**Your objective**: Output the data below line for line, exactly, up to and including the line where "Men’s San Francisco" appears.

**Extracted data**:
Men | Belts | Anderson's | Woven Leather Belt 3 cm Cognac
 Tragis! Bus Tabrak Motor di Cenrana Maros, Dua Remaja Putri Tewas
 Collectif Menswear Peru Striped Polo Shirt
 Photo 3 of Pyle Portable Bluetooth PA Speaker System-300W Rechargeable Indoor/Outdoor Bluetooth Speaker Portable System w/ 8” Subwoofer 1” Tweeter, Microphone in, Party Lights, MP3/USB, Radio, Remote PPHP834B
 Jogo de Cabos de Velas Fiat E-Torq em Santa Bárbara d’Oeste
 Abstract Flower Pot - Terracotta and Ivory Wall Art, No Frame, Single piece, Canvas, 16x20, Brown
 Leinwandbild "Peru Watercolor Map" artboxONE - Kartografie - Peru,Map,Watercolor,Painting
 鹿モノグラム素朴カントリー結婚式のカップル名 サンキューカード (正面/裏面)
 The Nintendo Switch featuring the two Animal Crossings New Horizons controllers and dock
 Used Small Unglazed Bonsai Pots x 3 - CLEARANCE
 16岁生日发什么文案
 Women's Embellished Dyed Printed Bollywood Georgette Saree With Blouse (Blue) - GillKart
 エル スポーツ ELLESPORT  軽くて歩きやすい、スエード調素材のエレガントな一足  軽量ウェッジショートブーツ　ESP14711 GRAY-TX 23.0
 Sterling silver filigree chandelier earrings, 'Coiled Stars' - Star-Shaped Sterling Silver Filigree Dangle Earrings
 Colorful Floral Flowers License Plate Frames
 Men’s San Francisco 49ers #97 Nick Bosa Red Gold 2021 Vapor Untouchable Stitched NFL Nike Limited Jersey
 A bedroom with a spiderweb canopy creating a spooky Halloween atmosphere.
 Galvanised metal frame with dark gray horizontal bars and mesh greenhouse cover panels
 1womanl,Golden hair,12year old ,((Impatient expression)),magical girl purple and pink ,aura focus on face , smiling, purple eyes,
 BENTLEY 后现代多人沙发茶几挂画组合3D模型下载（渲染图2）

**Finished exercise**:
Men | Belts | Anderson's | Woven Leather Belt 3 cm Cognac
 Tragis! Bus Tabrak Motor di Cenrana Maros, Dua Remaja Putri Tewas
 Collectif Menswear Peru Striped Polo Shirt
 Photo 3 of Pyle Portable Bluetooth PA Speaker System-300W Rechargeable Indoor/Outdoor Bluetooth Speaker Portable System w/ 8” Subwoofer 1” Tweeter, Microphone in, Party Lights, MP3/USB, Radio, Remote PPHP834B
 Jogo de Cabos de Velas Fiat E-Torq em Santa Bárbara d’Oeste
 Abstract Flower Pot - Terracotta and Ivory Wall Art, No Frame, Single piece, Canvas, 16x20, Brown
 Leinwandbild "Peru Watercolor Map" artboxONE - Kartografie - Peru,Map,Watercolor,Painting
 鹿モノグラム素朴カントリー結婚式のカップル名 サンキューカード (正面/裏面)
 The Nintendo Switch featuring the two Animal Crossings New Horizons controllers and dock
 Used Small Unglazed Bonsai Pots x 3 - CLEARANCE
 16岁生日发什么文案
 Women's Embellished Dyed Printed Bollywood Georgette Saree With Blouse (Blue) - GillKart
 エル スポーツ ELLESPORT  軽くて歩きやすい、スエード調素材のエレガントな一足  軽量ウェッジショートブーツ　ESP14711 GRAY-TX 23.0
 Sterling silver filigree chandelier earrings, 'Coiled Stars' - Star-Shaped Sterling Silver Filigree Dangle Earrings
 Colorful Floral Flowers License Plate Frames
 Men’s San Francisco 49ers #97 Nick Bosa Red Gold 2021 Vapor Untouchable Stitched NFL Nike Limited Jersey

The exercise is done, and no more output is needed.